### WORK REQUIRED:
When the line with "Maglia girocollo strutturata|Colore:Rame" comes up, set it down and every later line to the end of the data, exactly and without pictures.

=== Begin Enclosure ===

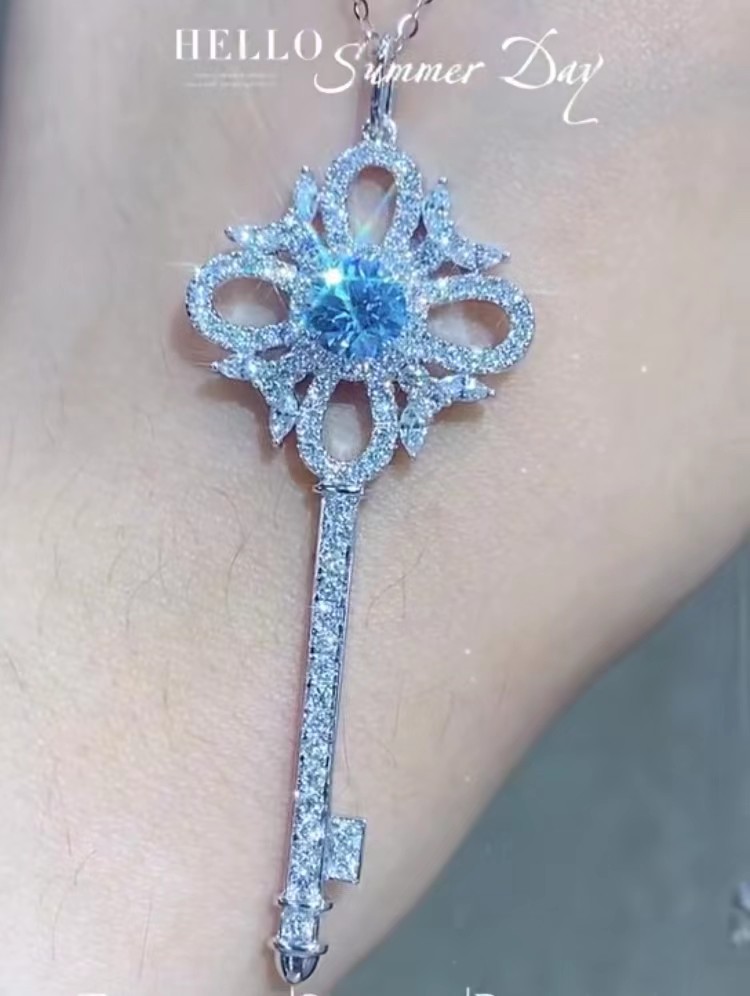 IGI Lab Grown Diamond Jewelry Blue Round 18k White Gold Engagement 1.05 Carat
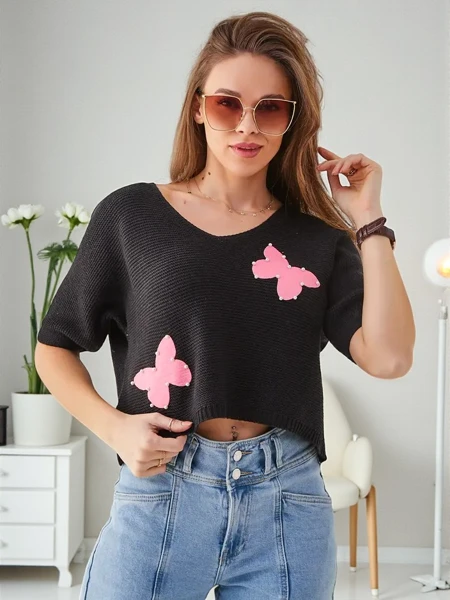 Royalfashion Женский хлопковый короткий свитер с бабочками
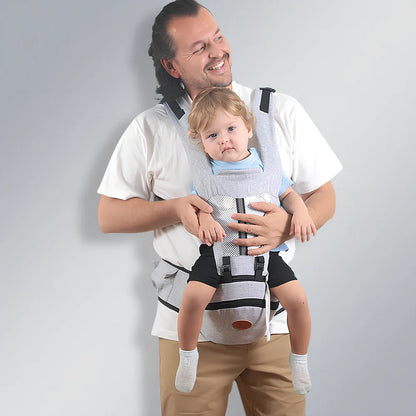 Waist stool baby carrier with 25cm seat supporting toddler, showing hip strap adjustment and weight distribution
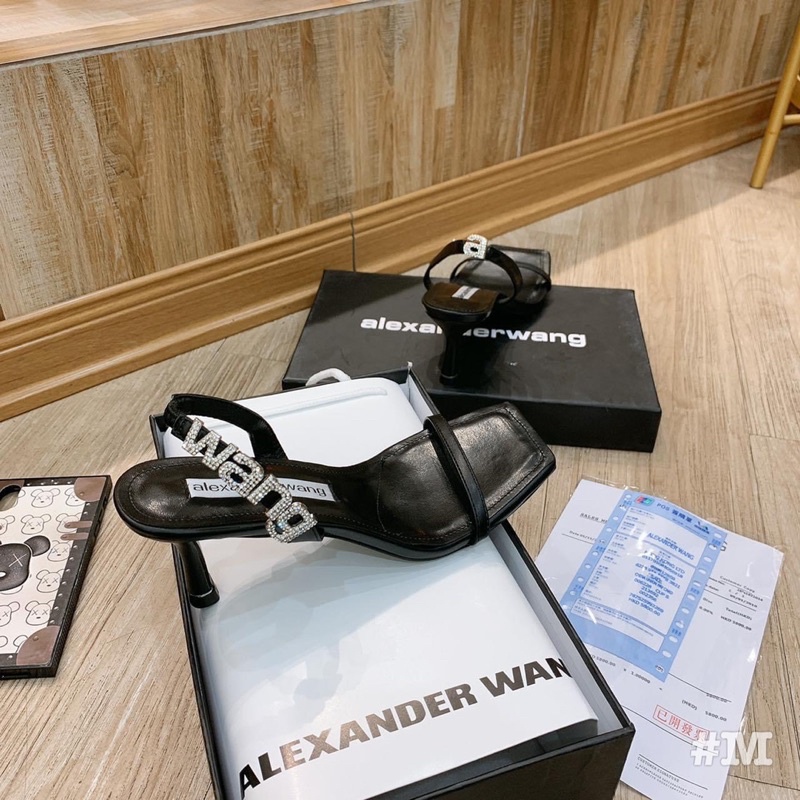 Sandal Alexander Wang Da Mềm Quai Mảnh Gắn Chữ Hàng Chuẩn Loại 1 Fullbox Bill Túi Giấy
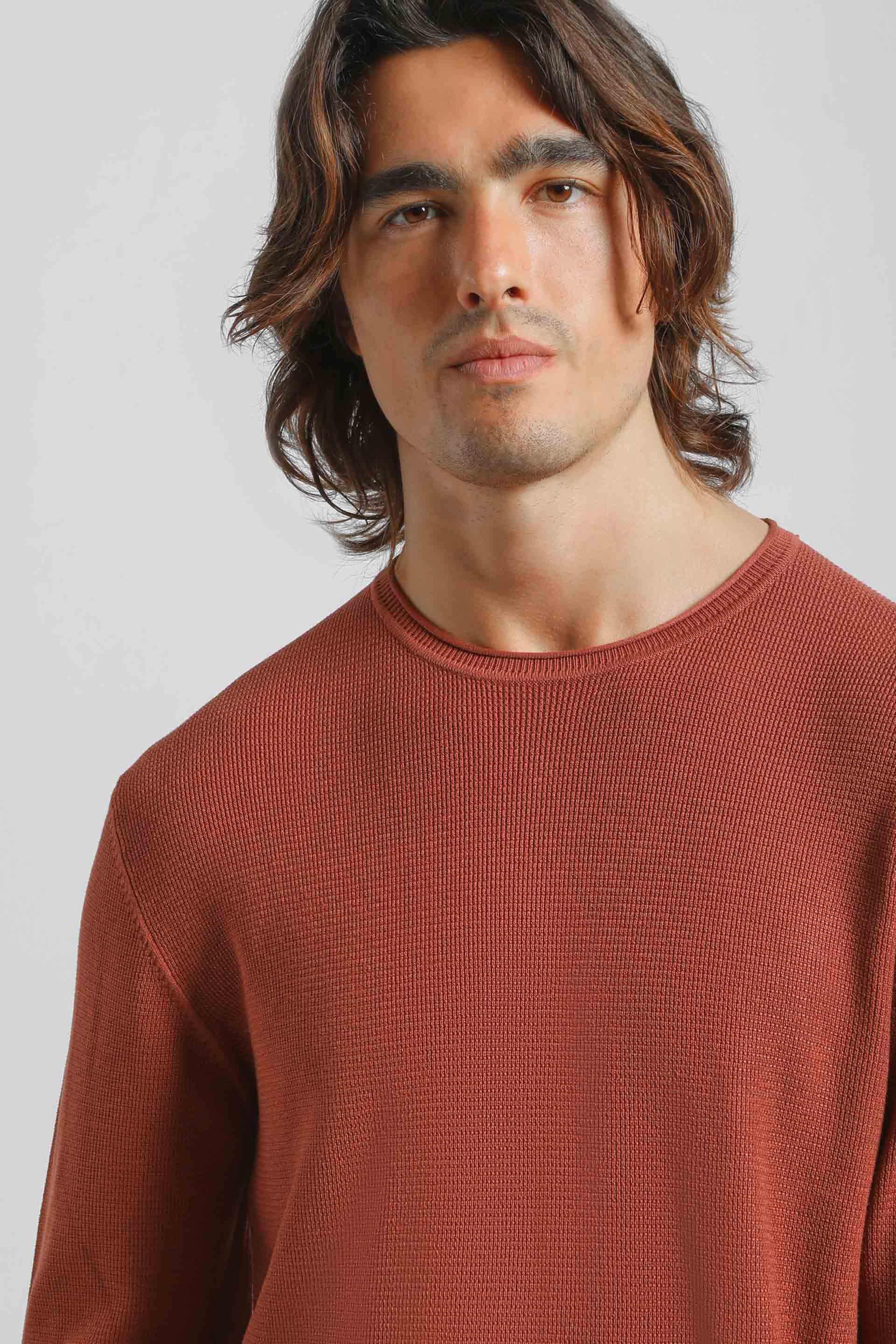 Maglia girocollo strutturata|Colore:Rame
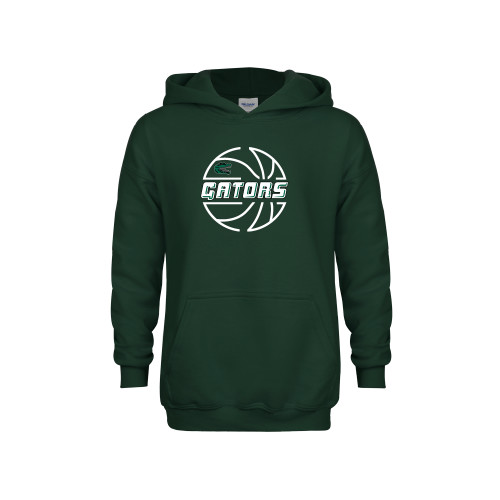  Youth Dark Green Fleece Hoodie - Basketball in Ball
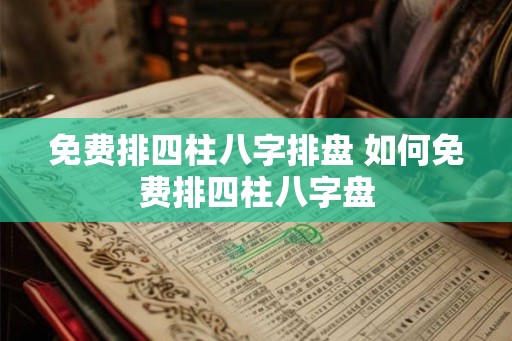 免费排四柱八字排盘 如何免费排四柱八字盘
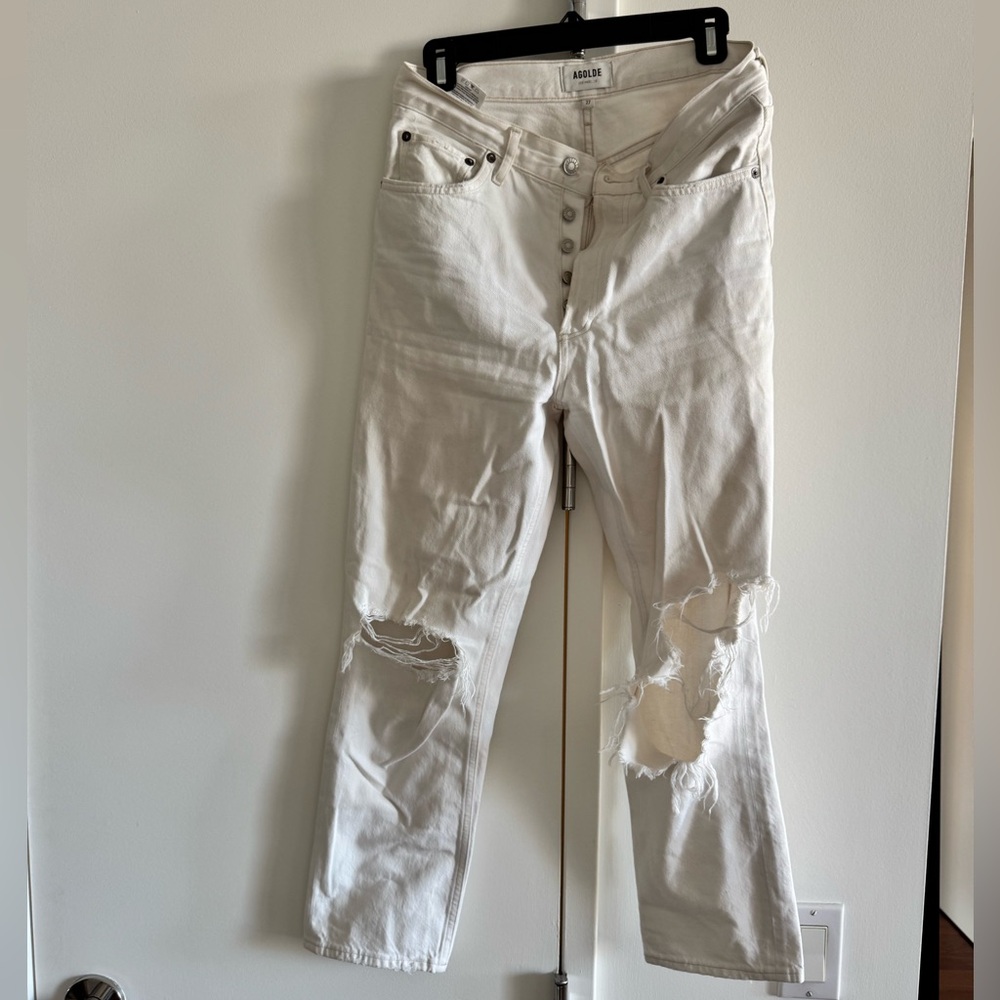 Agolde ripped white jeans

=== End Enclosure ===

### RESPONSE AREA:
 Maglia girocollo strutturata|Colore:Rame
  Youth Dark Green Fleece Hoodie - Basketball in Ball
 免费排四柱八字排盘 如何免费排四柱八字盘
 Agolde ripped white jeans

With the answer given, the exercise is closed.